** Activity **
For this exercise, please return exactly the line containing "Качество - это" and each line after it through the end of the records, with no pictures included.

Stored dataset items
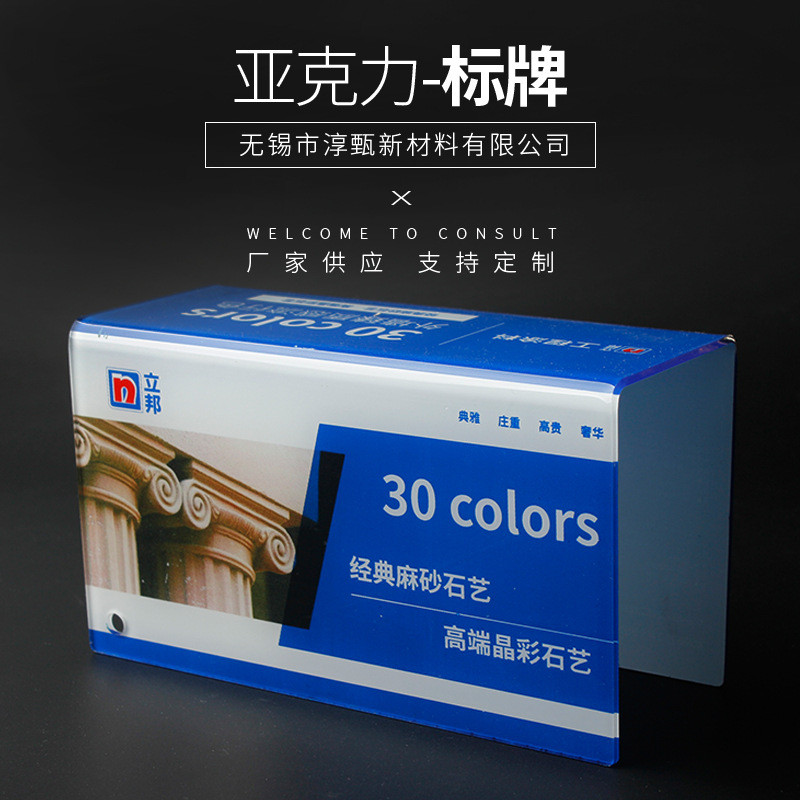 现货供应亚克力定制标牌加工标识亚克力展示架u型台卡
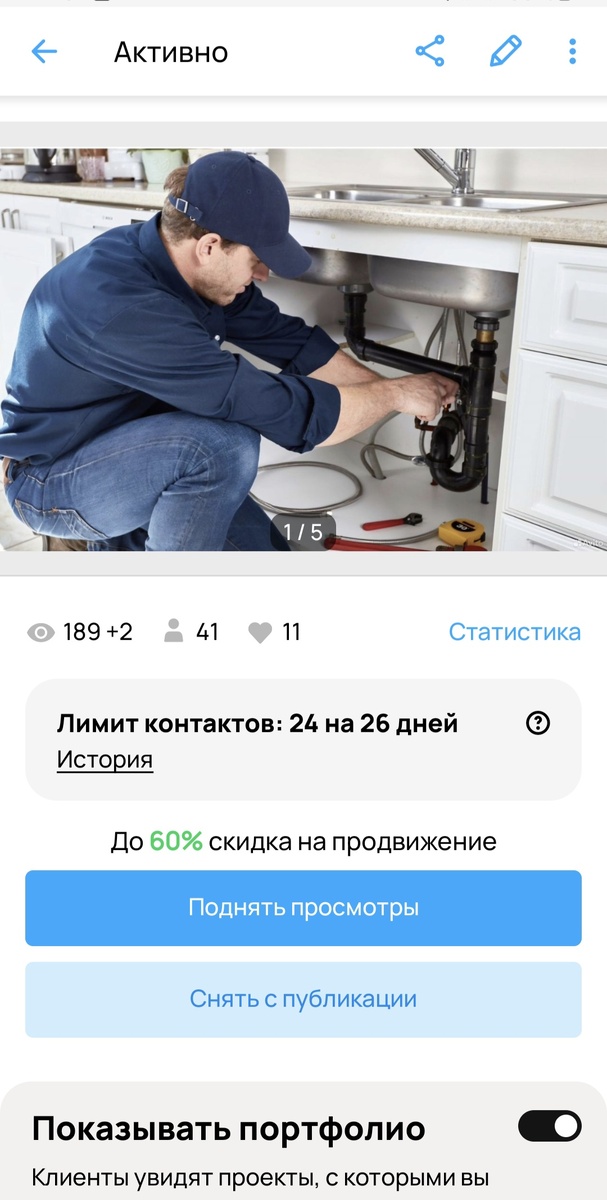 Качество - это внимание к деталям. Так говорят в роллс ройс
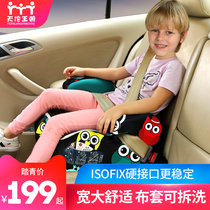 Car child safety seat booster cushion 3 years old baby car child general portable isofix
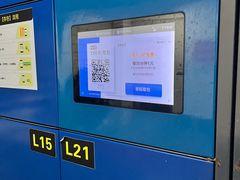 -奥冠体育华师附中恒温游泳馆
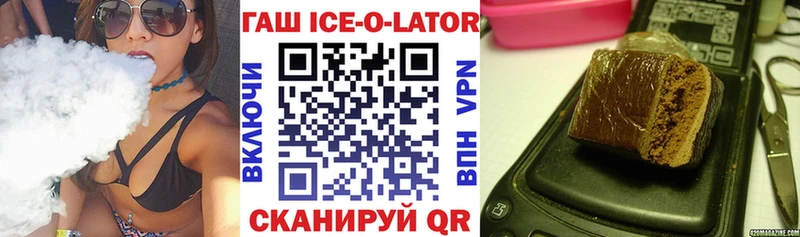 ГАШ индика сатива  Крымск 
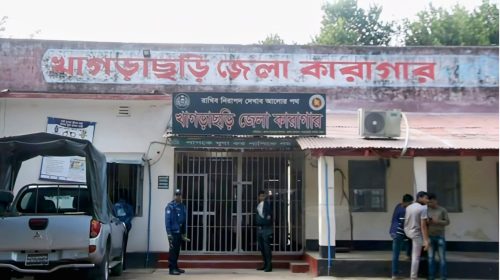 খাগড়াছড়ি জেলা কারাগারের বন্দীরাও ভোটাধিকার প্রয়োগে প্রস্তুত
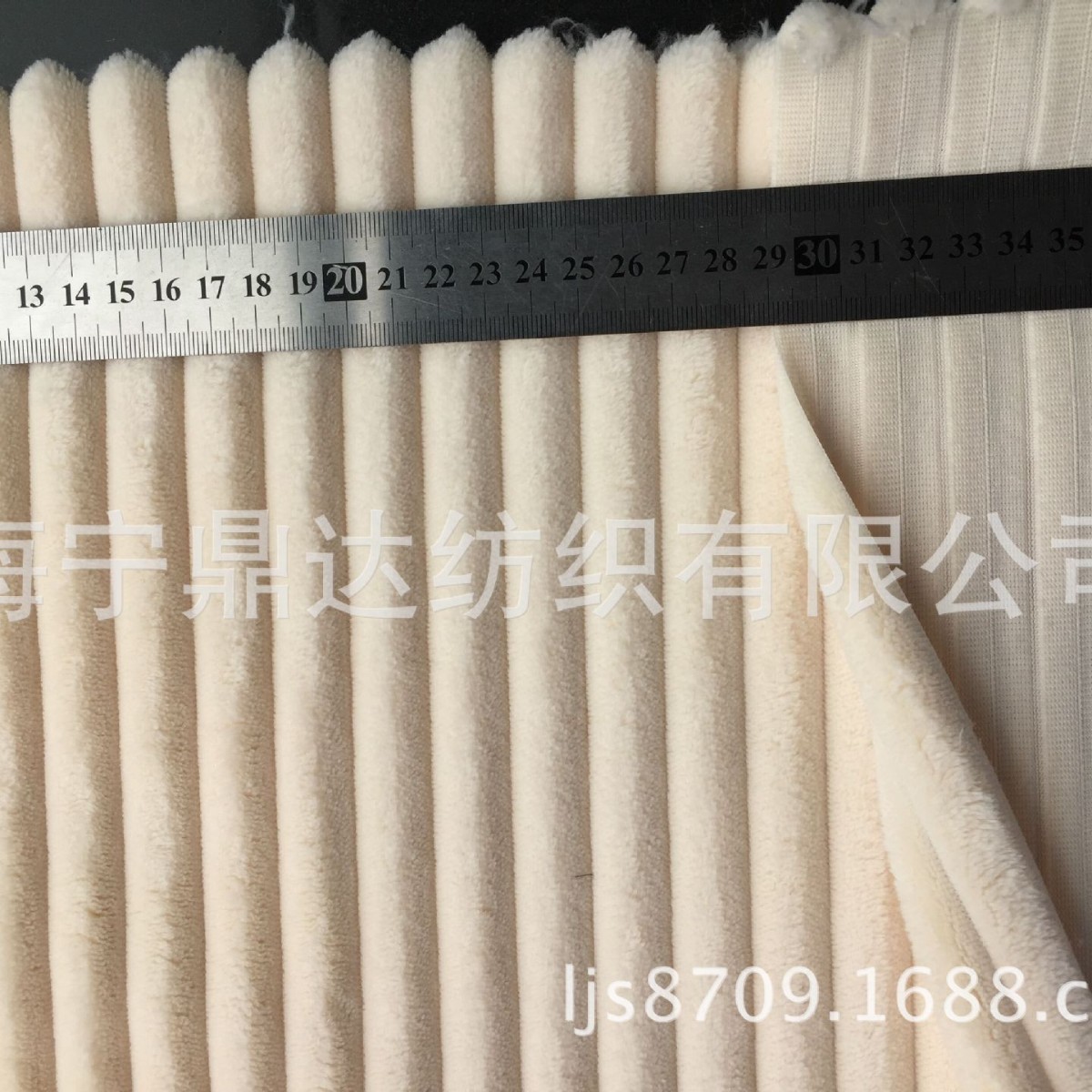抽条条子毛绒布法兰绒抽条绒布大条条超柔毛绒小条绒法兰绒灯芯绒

** Completed exercise **
 Качество - это внимание к деталям. Так говорят в роллс ройс
 Car child safety seat booster cushion 3 years old baby car child general portable isofix
 -奥冠体育华师附中恒温游泳馆
 ГАШ индика сатива  Крымск 
 খাগড়াছড়ি জেলা কারাগারের বন্দীরাও ভোটাধিকার প্রয়োগে প্রস্তুত
抽条条子毛绒布法兰绒抽条绒布大条条超柔毛绒小条绒法兰绒灯芯绒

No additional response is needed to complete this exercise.